Start of DATASET ENTRIES
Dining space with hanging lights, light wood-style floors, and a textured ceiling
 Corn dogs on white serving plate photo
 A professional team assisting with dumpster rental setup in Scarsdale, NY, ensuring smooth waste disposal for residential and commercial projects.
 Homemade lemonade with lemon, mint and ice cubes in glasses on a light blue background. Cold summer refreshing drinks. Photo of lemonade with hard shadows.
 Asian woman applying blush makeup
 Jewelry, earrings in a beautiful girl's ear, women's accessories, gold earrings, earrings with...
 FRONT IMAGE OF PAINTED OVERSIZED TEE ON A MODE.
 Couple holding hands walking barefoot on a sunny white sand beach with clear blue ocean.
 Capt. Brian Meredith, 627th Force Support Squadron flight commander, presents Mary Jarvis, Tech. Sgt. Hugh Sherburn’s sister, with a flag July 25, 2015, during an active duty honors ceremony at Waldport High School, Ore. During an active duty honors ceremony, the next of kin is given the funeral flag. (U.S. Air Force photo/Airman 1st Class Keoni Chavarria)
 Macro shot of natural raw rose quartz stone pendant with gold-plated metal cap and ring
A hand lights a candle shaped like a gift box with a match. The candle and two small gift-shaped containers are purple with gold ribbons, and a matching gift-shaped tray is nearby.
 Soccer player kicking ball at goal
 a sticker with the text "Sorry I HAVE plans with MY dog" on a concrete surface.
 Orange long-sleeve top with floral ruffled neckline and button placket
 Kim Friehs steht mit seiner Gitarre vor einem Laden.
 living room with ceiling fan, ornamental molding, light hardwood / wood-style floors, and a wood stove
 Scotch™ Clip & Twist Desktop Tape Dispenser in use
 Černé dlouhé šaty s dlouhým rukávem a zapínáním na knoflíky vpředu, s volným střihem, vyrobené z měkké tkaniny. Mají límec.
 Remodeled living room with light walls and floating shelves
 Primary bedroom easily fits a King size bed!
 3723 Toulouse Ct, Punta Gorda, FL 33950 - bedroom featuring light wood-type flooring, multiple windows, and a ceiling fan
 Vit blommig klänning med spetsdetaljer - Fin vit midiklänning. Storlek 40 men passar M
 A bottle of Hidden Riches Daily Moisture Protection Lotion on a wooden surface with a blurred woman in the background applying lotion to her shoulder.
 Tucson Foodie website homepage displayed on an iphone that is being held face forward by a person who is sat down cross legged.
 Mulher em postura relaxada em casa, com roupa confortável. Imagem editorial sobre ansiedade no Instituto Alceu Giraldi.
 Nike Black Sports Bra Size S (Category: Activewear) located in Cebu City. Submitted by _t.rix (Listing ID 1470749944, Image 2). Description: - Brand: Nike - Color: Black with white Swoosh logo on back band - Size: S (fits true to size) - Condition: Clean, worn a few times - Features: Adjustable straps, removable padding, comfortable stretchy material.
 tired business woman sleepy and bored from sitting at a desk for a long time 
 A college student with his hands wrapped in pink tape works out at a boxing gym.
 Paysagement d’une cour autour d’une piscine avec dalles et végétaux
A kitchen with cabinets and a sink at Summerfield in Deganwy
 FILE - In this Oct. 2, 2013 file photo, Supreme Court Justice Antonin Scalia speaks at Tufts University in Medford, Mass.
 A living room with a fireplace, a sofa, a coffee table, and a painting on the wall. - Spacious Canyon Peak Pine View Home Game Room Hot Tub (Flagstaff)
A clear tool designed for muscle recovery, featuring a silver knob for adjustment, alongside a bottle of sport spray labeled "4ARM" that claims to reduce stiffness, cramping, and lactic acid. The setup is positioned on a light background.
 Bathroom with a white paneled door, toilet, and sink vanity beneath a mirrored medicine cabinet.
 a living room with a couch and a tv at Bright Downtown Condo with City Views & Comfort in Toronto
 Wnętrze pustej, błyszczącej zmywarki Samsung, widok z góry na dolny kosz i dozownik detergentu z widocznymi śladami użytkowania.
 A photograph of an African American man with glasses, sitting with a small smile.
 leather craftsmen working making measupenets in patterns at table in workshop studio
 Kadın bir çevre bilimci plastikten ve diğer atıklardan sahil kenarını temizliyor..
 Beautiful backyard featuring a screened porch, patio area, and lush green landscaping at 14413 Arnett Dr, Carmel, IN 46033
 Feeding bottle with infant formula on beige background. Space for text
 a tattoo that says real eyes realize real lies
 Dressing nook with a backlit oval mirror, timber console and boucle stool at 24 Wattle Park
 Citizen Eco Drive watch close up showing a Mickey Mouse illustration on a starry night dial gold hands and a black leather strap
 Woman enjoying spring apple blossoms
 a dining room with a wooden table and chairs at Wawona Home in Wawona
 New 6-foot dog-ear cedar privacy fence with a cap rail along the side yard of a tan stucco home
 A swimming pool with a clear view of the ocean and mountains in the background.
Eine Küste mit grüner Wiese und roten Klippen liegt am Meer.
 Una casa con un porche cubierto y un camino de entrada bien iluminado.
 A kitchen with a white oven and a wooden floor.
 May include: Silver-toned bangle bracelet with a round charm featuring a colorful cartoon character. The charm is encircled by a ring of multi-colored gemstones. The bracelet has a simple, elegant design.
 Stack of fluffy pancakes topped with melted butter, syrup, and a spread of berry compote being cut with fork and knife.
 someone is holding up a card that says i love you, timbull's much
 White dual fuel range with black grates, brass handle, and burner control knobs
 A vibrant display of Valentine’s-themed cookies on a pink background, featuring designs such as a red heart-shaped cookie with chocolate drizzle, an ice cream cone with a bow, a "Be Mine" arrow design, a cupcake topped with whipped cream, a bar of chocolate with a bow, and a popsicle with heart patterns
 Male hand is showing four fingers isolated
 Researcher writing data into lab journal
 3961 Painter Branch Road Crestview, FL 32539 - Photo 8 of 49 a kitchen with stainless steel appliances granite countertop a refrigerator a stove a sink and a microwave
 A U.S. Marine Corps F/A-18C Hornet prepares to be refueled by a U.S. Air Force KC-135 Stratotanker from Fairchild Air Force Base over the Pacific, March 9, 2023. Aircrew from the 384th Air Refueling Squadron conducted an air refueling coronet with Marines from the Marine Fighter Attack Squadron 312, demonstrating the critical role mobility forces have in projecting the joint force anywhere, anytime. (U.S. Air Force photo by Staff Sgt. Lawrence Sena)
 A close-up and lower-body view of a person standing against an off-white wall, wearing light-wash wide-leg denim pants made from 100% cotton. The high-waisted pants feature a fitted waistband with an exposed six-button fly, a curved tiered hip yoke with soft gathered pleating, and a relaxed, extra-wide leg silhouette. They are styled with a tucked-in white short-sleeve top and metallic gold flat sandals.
End of DATASET ENTRIES
PROBLEM DETAILS — Going down the listing above, begin printing at the line with "Nike Black Sports" and finish with the line with "A kitchen with cabinets", exactly as they appear.

EXERCISE OUTPUT —
 Nike Black Sports Bra Size S (Category: Activewear) located in Cebu City. Submitted by _t.rix (Listing ID 1470749944, Image 2). Description: - Brand: Nike - Color: Black with white Swoosh logo on back band - Size: S (fits true to size) - Condition: Clean, worn a few times - Features: Adjustable straps, removable padding, comfortable stretchy material.
 tired business woman sleepy and bored from sitting at a desk for a long time 
 A college student with his hands wrapped in pink tape works out at a boxing gym.
 Paysagement d’une cour autour d’une piscine avec dalles et végétaux
A kitchen with cabinets and a sink at Summerfield in Deganwy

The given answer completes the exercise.